In 1776, General George Washington widened the trail adjacent to Sherwood House to accommodate the passage of the Continental Army. It is likely that Thomas, who supported the revolutionary cause, assisted with the process, especially as it went right past the house, and the wider road would be beneficial to the farm. Washington personally inspected the road, passing by the Sherwood Farm. (This trail would eventually become the present-day Tuckahoe Road between the city of Yonkers and the village of Tuckahoe.)

In 1779, Frederick Philipse III, the last lord of Philipsburg Manor and a staunch Loyalist, was attainted for treason by New York's revolutionary government. Philipsburg Manor was confiscated, split into about 300 lots, and then sold at public auction. Most of the buyers were Philipse’s tenant farmers who used the opportunity to buy the small plots they worked. One of them was Thomas's son, Stephen, who purchased the Sherwood farm and house from the New York Commissioners of Forfeiture.

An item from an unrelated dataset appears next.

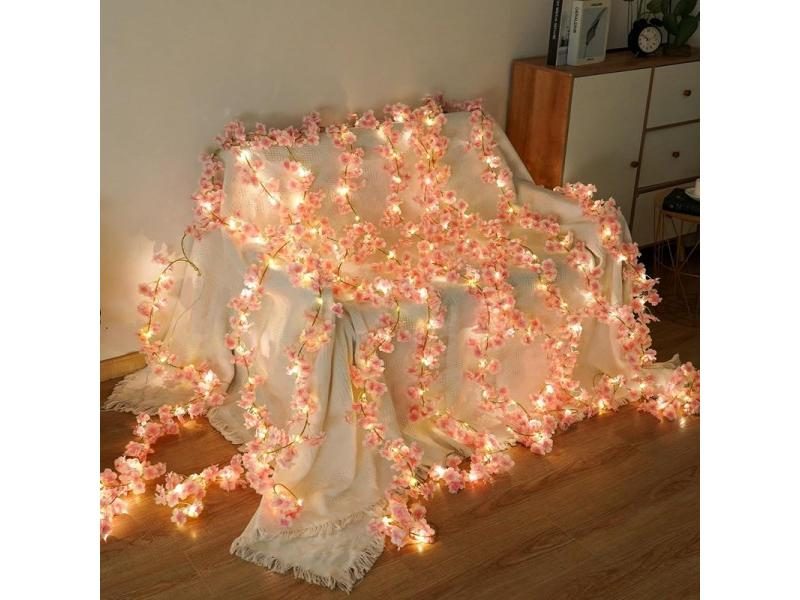 180CM Artificial Sakura Flowers Vine For Wedding Party Decor Carousel 1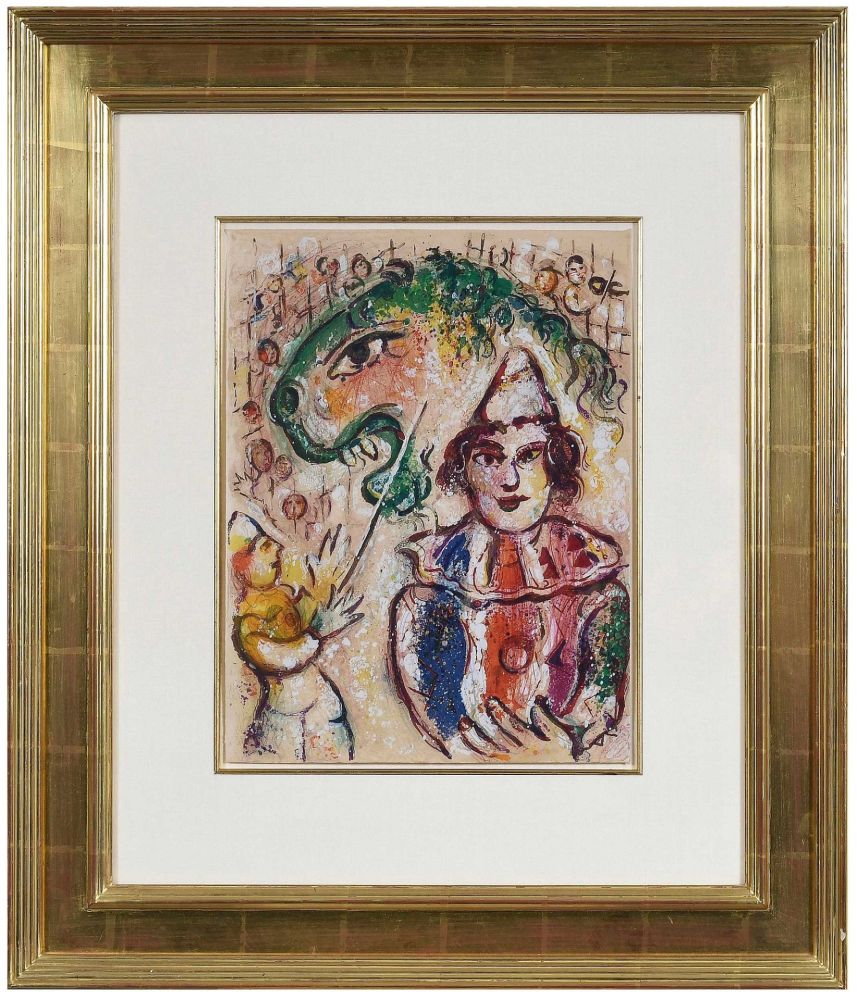 Litografía Chagall - La Cirque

Additions and modifications were made in the 1810s, 1850s, and 1880s by later owners, one of whom, Dr. John I. Ingersoll, the first medical doctor in Yonkers, used it as his office. Afterwards, it became a Prohibition-era speakeasy and, still later, a popular restaurant. In 1955, the property was acquired by Consolidated Edison as part of a right-of-way for building power lines. When the company proposed to tear it down, public outcry led to an agreement to move the lines and lease the house to the newly formed Yonkers Historical Society. It is now owned by the society, which has operated it as a museum since 1962.

The house was added to the National Register of Historic Places in 1984.